Beaumanoir s'arrêta un instant. Un murmure sourd se fit entendre dans l'assemblée. Quelques uns des plus jeunes chevaliers, qui avaient paru disposés à sourire du statut De osculis fugiendis, prirent maintenant un air de gravité, et attendirent avec anxiété ce que le grand-maître allait ajouter. «Tel serait, dit-il, et tel devrait être le châtiment d'un chevalier du Temple, qui aurait, volontairement et sciemment, péché contre des articles aussi formels de nos statuts. Mais si, par le moyen de charmes et sortiléges, Satan était parvenu à s'emparer de l'esprit du chevalier, sans doute parce qu'il avait porté des regards trop imprudens sur la beauté de cette fille, nous devons plutôt déplorer que punir un pareil écart, et nous borner seulement à lui imposer une pénitence proportionnelle et qui puisse le purifier de son iniquité, et tourner le glaive de notre indignation sur l'instrument maudit qui a failli occasionner sa perte. Levez-vous donc, et venez rendre témoignage, vous tous qui avez connaissance de ces faits déplorables, afin que nous connaissions le nombre et l'importance des preuves, et que nous nous assurions si notre justice peut être satisfaite par le châtiment de cette infidèle, ou si nous devons, quoique notre coeur saigne d'y penser, continuer à procéder rigoureusement contre notre frère.»
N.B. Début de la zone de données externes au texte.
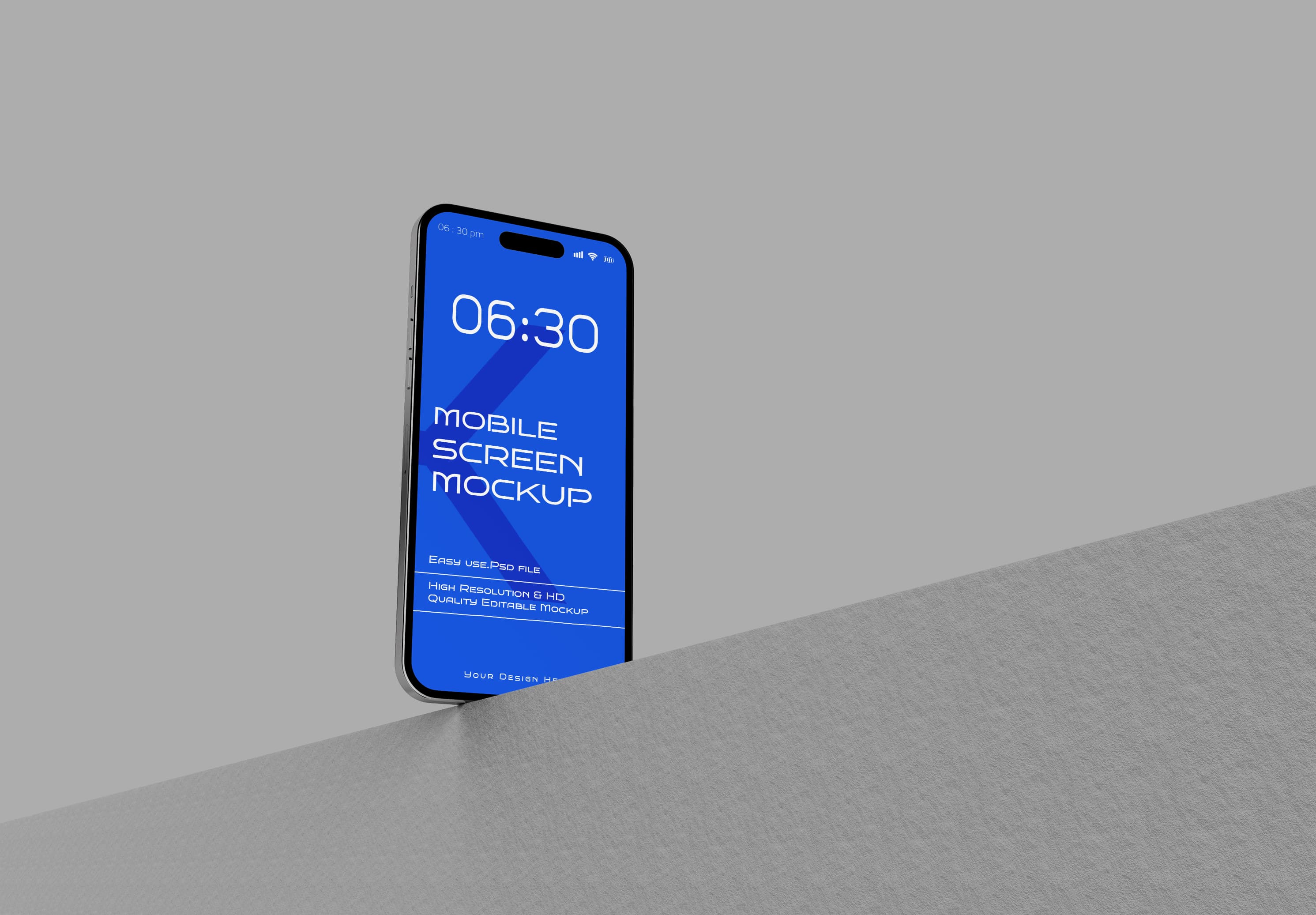 iPhone 15 Pro Mockup – Floating Blue Screen on Minimalist Gray Surface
Plusieurs témoins furent appelés pour prouver les dangers auxquels Bois-Guilbert s'était exposé en s'efforçant de sauver Rébecca de l'incendie du château, et l'oubli de sa propre défense pour la mettre à couvert. Ils donnèrent tous ces détails avec l'exaltation habituelle aux esprits vulgaires dès qu'ils sont fortement excités par quelque événement remarquable; ainsi, par l'effet de ce penchant naturel pour le merveilleux, les témoins appelés se plurent à exagérer dans leurs récits toutes les circonstances qui tendaient à prononcer la non culpabilité de l'éminent personnage qui avait demandé une pareille information. Ainsi les périls que Bois-Guilbert avait surmontés, déjà grands en eux-mêmes, passèrent pour des prodiges; et le dévouement du chevalier pour la défense de Rébecca fut exagéré au delà des bornes non seulement de toute modération, mais même d'un zèle chevaleresque porté à l'excès; et sa déférence à tout ce qu'elle disait, encore que le langage de la captive devînt souvent sévère et plein de reproches personnels, fut représentée comme poussée à un point qui, dans un homme de son caractère, fougueux et hautain, semblait, pour ainsi dire, contre nature.
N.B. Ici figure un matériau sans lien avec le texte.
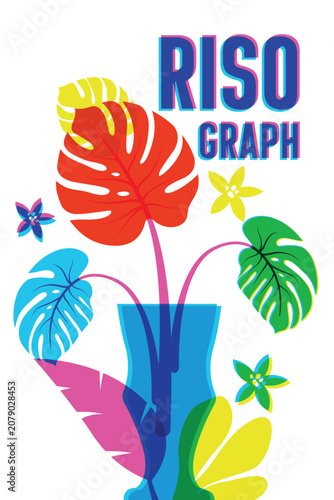 Risograph Tropical Plant Vase Poster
Le précepteur de Templestowe fut ensuite appelé pour décrire la manière dont Bois-Guilbert et la juive étaient arrivés à la préceptorerie. La déposition de Malvoisin fut faite avec beaucoup de prudence et d'habileté. Tout en cherchant à ménager le caractère et la susceptibilité de Bois-Guilbert, il entremêla son discours de quelques expressions qui donnaient presque à entendre qu'il était en proie à une aliénation temporaire d'esprit, tant il paraissait épris de la fille qu'il avait amenée. Le précepteur, avec de profonds soupirs de contrition, témoigna le regret qu'il avait d'avoir reçu Rébecca et son amant dans la préceptorerie. «Mais, dit-il en finissant, ma défense est dans les aveux que j'ai faits à notre éminentissime père, le grand-maître; il sait que mes motifs n'étaient point criminels, quoique ma conduite puisse avoir été irrégulière.»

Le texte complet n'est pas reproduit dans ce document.